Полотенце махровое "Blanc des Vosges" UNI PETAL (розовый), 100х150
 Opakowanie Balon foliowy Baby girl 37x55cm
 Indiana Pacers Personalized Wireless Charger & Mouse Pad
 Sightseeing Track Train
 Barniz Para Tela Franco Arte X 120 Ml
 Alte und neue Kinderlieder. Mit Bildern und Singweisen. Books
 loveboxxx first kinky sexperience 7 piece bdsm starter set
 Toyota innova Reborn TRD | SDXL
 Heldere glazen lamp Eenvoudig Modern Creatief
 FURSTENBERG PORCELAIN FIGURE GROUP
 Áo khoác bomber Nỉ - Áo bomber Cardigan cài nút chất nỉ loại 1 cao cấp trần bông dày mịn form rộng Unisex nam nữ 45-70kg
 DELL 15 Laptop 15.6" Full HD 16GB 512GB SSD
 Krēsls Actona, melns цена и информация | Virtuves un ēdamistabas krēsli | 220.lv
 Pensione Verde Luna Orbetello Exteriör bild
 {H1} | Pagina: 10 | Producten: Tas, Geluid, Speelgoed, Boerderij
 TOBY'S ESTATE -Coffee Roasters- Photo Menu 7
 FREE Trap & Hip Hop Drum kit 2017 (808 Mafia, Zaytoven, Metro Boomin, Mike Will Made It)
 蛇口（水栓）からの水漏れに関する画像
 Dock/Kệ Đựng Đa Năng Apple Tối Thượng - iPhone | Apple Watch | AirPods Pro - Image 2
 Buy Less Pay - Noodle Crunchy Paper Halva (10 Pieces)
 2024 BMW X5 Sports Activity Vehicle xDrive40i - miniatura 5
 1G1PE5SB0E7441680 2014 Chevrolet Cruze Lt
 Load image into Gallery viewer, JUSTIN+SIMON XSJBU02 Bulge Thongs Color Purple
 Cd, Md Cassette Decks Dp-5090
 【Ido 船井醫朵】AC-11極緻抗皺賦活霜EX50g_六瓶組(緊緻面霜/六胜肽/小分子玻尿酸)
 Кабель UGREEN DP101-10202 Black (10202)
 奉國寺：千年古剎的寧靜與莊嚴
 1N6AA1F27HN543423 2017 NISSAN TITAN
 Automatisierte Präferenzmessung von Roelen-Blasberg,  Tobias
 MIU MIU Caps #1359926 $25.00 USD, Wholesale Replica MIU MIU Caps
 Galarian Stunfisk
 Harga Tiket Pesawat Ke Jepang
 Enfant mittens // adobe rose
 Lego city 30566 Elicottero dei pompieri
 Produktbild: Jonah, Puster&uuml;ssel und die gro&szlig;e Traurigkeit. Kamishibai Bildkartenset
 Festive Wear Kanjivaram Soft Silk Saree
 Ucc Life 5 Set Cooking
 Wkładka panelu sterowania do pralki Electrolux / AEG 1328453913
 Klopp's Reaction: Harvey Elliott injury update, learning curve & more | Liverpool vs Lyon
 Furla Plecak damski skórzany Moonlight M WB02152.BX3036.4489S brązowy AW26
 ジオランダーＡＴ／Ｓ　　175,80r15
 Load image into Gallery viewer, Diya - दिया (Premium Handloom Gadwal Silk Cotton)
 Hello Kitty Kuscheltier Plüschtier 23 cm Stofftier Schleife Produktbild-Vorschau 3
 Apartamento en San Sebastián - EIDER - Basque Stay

····················

Requirement — Please count the lines of the entries above that include "Silk" and give only the total.

The completed task — 2